*What you should do*. Each line below must be reproduced exactly, though the pictures are to be dropped.

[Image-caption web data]

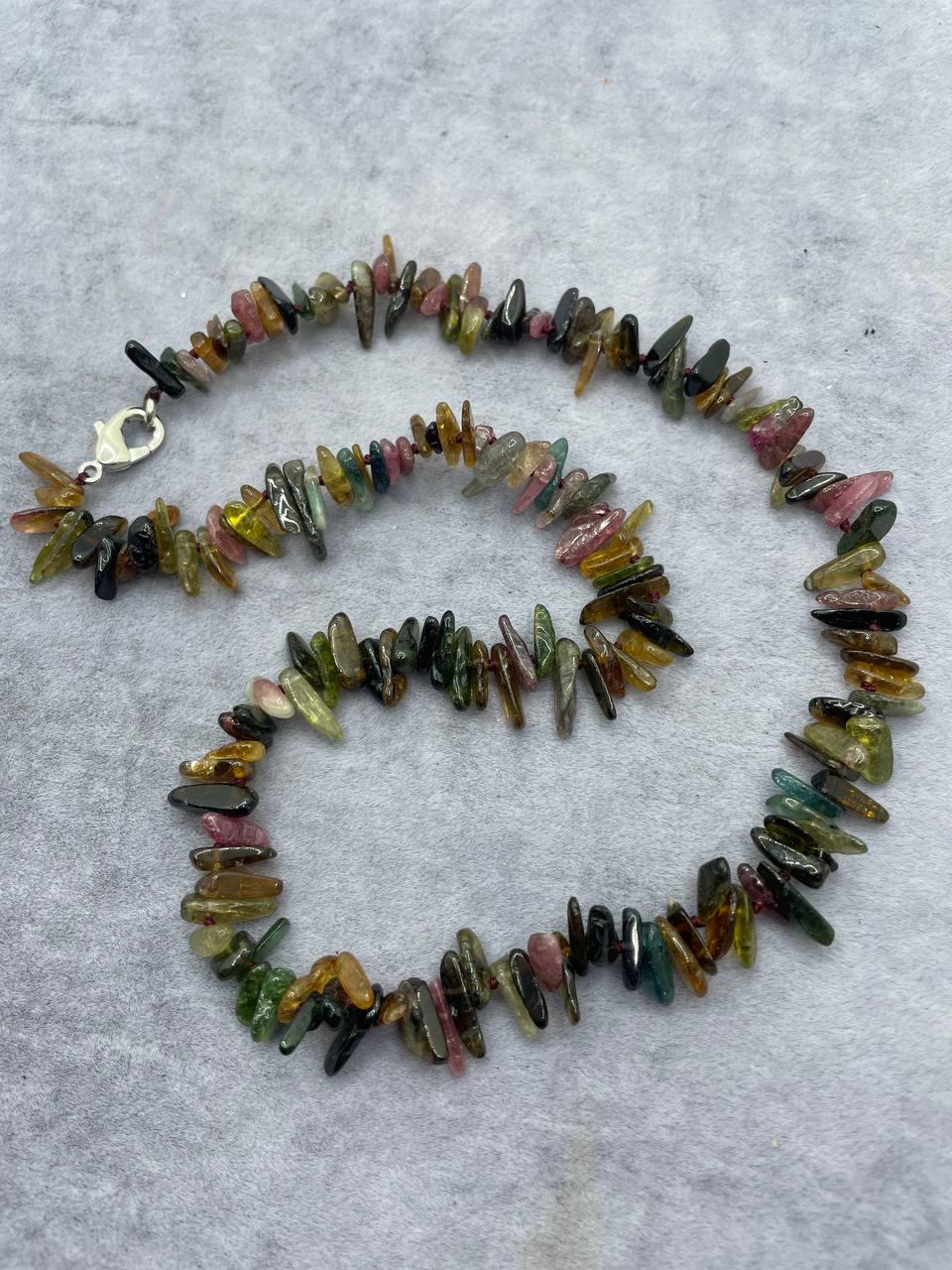 Намисто турмалін 45 см Різнокольоровий (9749)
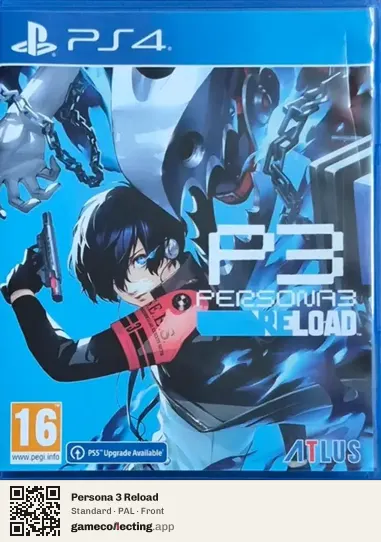 Persona 3 Reload PlayStation 4, PAL box front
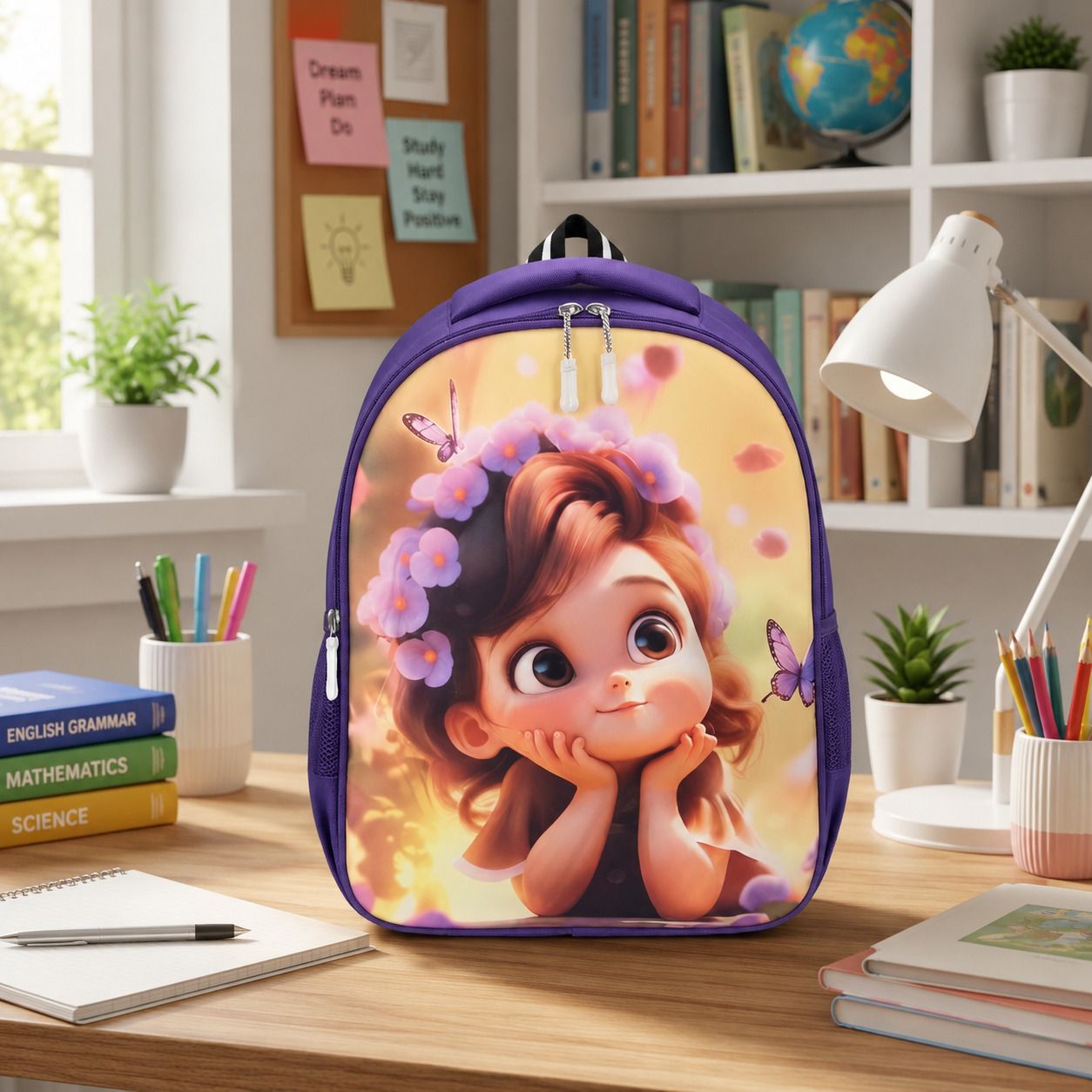 Dream Girl School Backpack Lightweight Waterproof Backpack-image-49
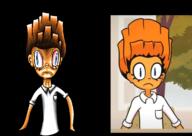blue_eyes clothes dyed_hair mymy orange_hair orange_skin smear_frame tentacles transparent_background // 1166x828 // 366KB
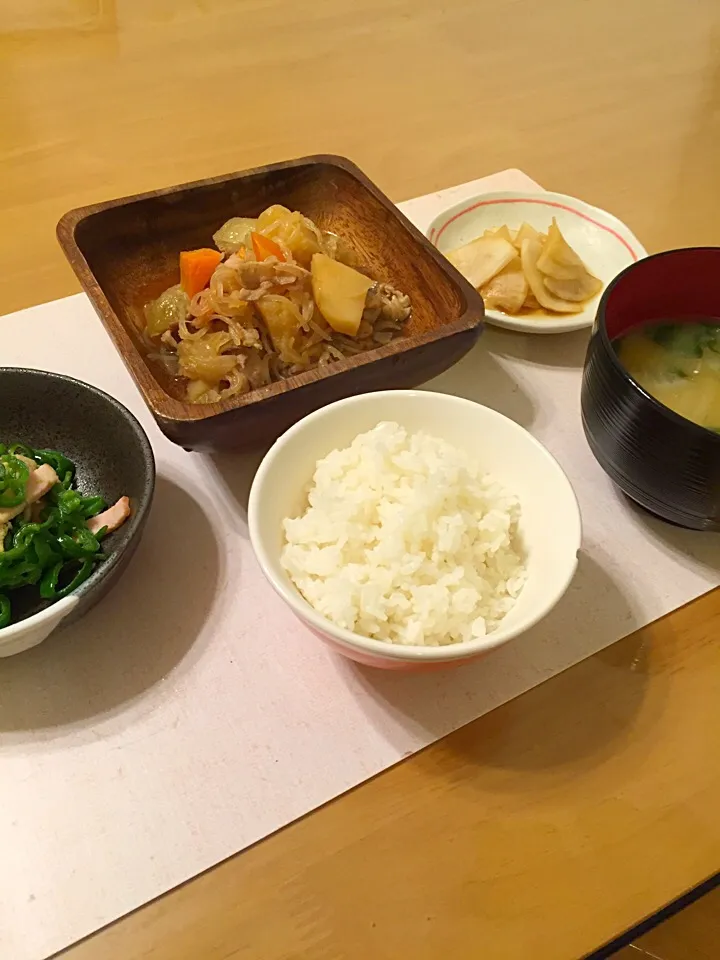 肉じゃが定食(^ ^)|TOMYさん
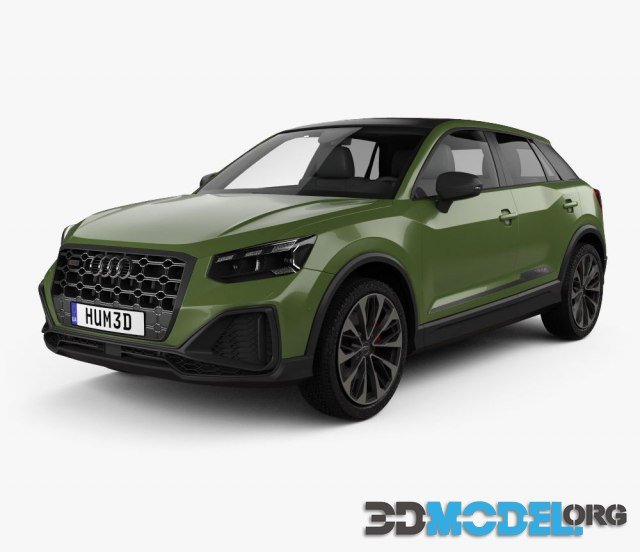 3D Model Audi SQ2 2022 car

*Answer section*.
 Намисто турмалін 45 см Різнокольоровий (9749)
 Persona 3 Reload PlayStation 4, PAL box front
 Dream Girl School Backpack Lightweight Waterproof Backpack-image-49
blue_eyes clothes dyed_hair mymy orange_hair orange_skin smear_frame tentacles transparent_background // 1166x828 // 366KB
 肉じゃが定食(^ ^)|TOMYさん
 3D Model Audi SQ2 2022 car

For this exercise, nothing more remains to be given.